Senate clears way for Hagel confirmation vote
The vote to confirm Chuck Hagel as Defense secretary is scheduled for Tuesday afternoon.
WASHINGTON -- Senators voted to end debate Tuesday on President Obama's nomination of Chuck Hagel to be the secretary of Defense. He now faces a formal vote on confirmation.The vote was 71-27 to end debate and send the nomination to the Senate for a full vote, which is scheduled for 4:30 p.m. ET Tuesday.
Hagel's confirmation seems virtually assured, as Democrats control the Senate and none has said publicly they oppose him.
Hagel, if approved, will succeed Leon Panetta and immediately inherit a budget crisis. Last week, the Pentagon announced that it plans to furlough the majority of its 800,000 civilian employees to help meet a $46 billion shortfall caused by automatic spending cuts that begin March 1 and its stop-gap budget that prevents shifting funds to urgent needs.
The contentious nomination process will not prevent Hagel from dealing with Congress, George Little, the Pentagon press secretary, said after the vote. Hagel is a "team player" whose interest in cooperation will extend to Congress, Little said.
Hagel has been briefed on issues facing the Pentagon and will be ready to start work immediately upon confirmation, Little said.
Hagel, a Republican former senator from Nebraska, faced opposition from his own party. On Feb. 14, Republicans blocked a final vote on the nomination. His nomination sat idle last week with the Senate in recess. Of his major critics, Sen. John McCain, R-Ariz., signaled that he would no longer oppose a vote on Hagel's nomination, setting the stage for Tuesday's vote.
McCain voted to end debate.
Critics, such as McCain and Sen. Lindsey Graham of South Carolina, have continued to say Hagel is unfit to lead the military. As a senator, Hagel approved military action in Iraq but later criticized the Bush administration's handling of the war. His criticism of the surge of troops in 2007 that helped bring down violence there angered McCain, who blasted Hagel for it at his confirmation hearing.
The ranking member of the Senate Armed Services Committee, Sen. James Inhofe, R-Okla., opposes Hagel, and questioned his toughness on Iran and its nuclear ambitions. Graham has said comments Hagel has made show a lack of commitment to Israel. Sen. Ted Cruz, R-Texas, has raised questions about the propriety of Hagel's income, suggesting at one point that he might have received funds from North Korea.

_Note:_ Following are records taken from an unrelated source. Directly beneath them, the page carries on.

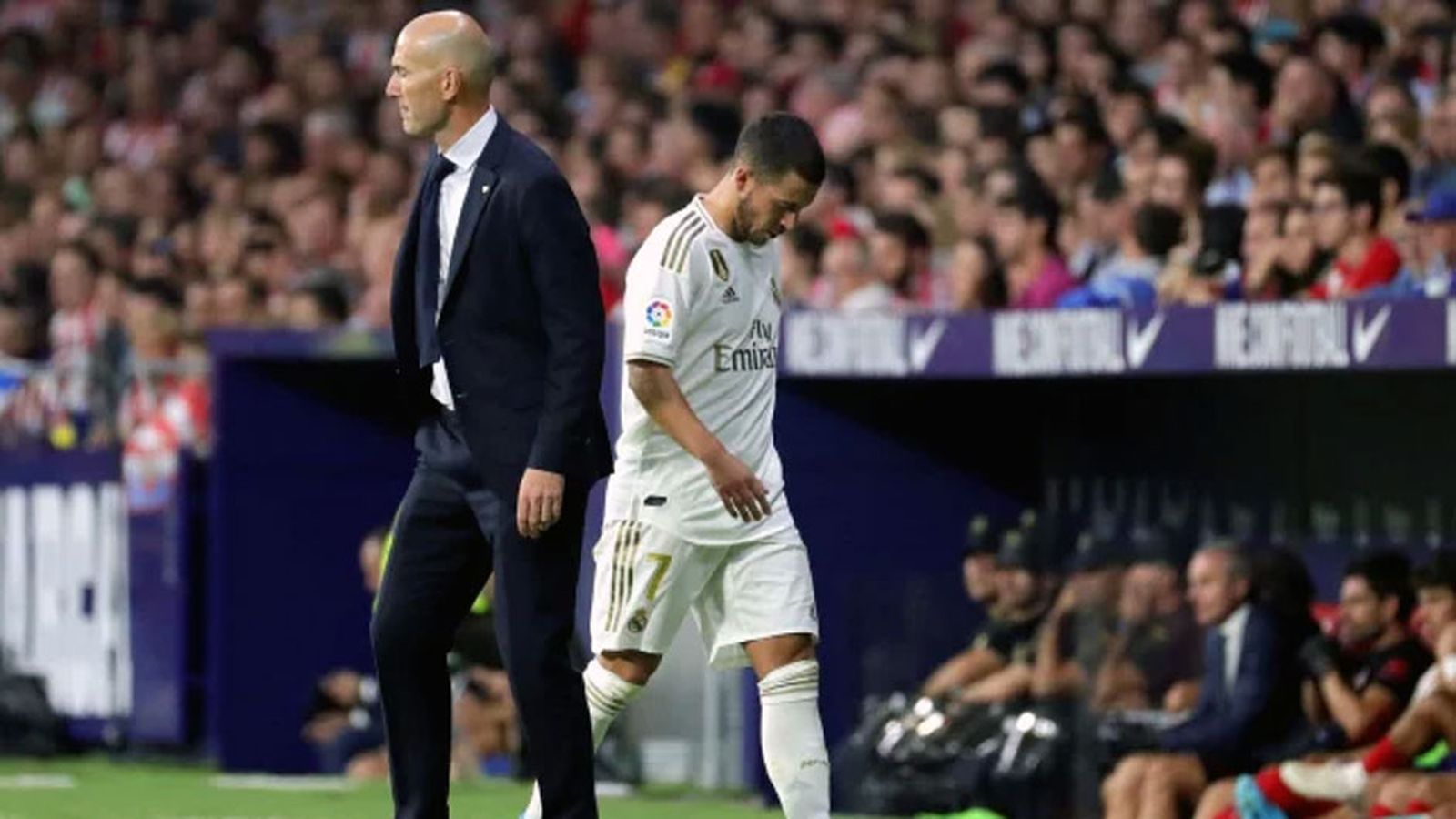 madrid zidane hazard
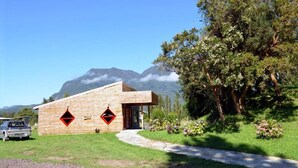 Front of property - El Descanso del Quijote (Lago Ranco)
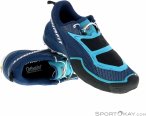 Dynafit Speed MTN Damen Traillaufschuhe-Blau-6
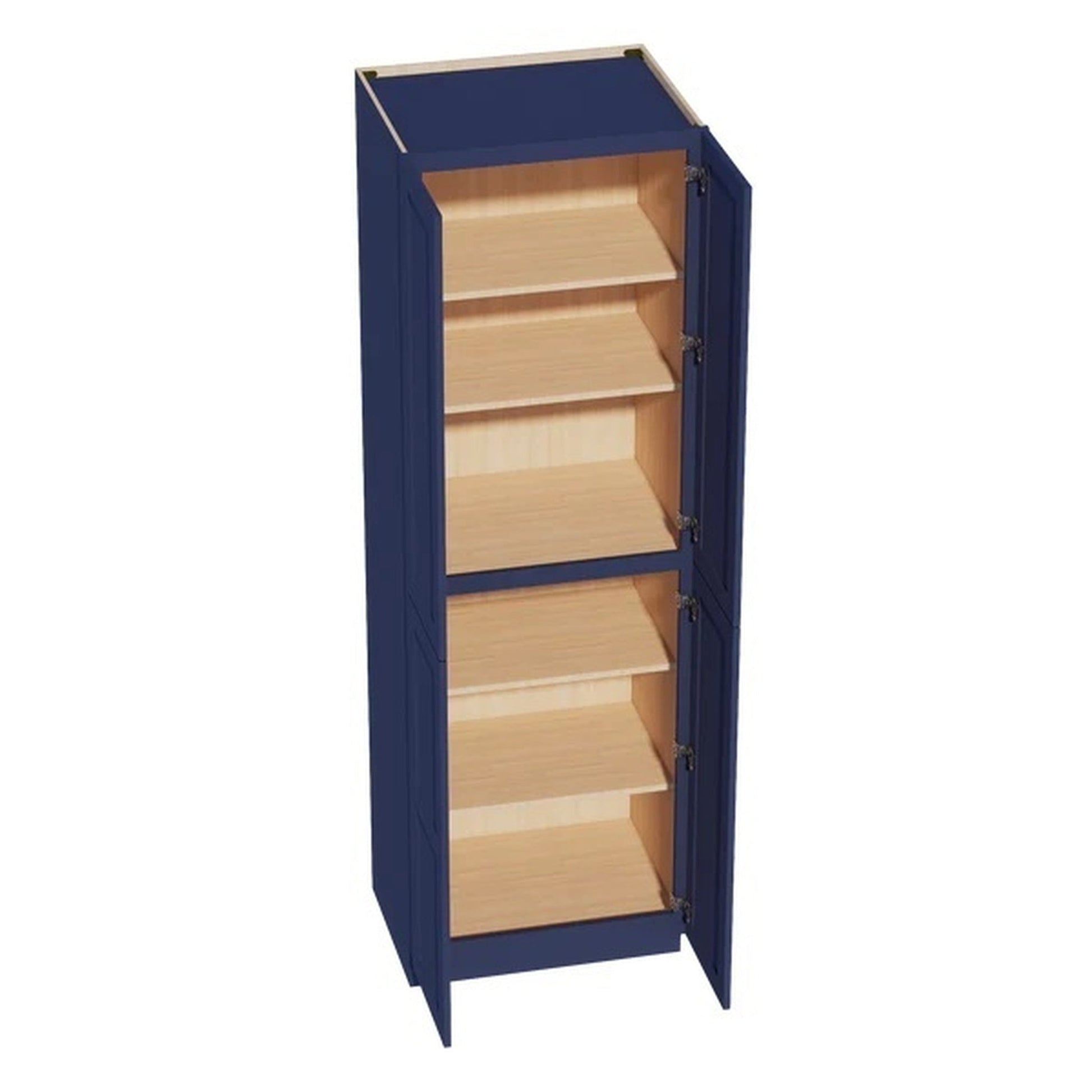 Shaker Tall Pantry Cabinet 36" (TP3696) · Ardelle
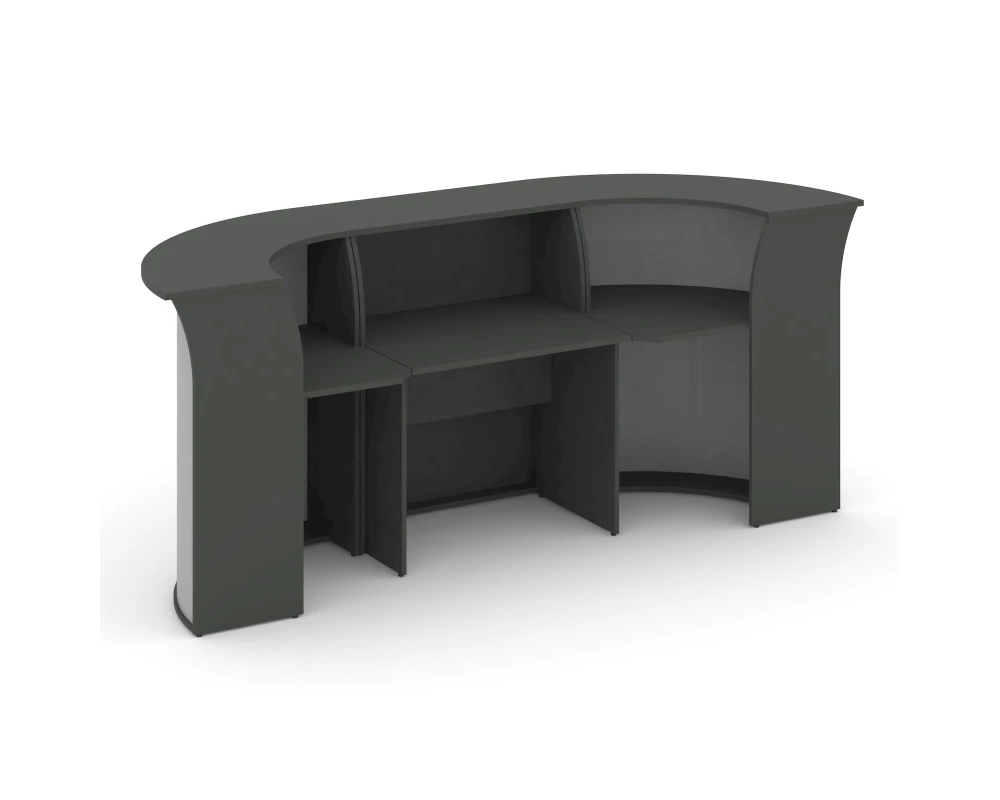 Ресепшен набор вариант №3 2844x950x1150 Рива / Riva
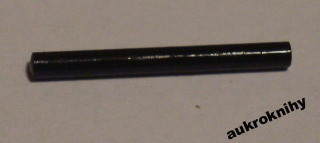 kolík klapky hledí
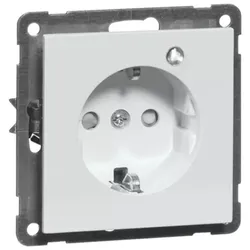 Peha Steckdose SCHUKO D 20.6511.022 LED/4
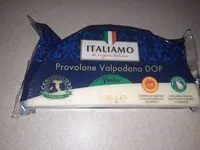 İçindeki şeker miktarı Provolone Valpadana DOP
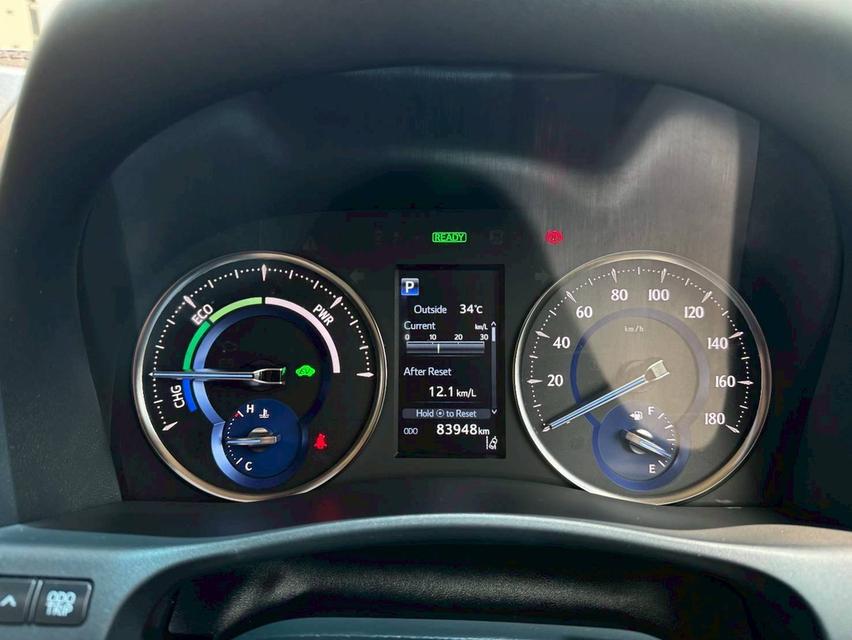 รหัสรถ PEAT9999 🚙🚐TOYOTA ALPHARD​ GF HYBRID ปี​ 22 16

Hagel has maintained, in answers to the Senate, that he has received no money from such nations.
Sen. Carl Levin, the Michigan Democrat who leads the Armed Services Committee, has said Hagel supplied the committee with the information it needed to approve his nomination.
Hagel, 66, was born in North Platte, Neb. In 1968, Hagel and his brother Tom were both wounded in combat in Vietnam. Chuck Hagel rescued his brother and was awarded two Purple Heart medals.
Hagel served two terms in the Senate from 1997 to 2009.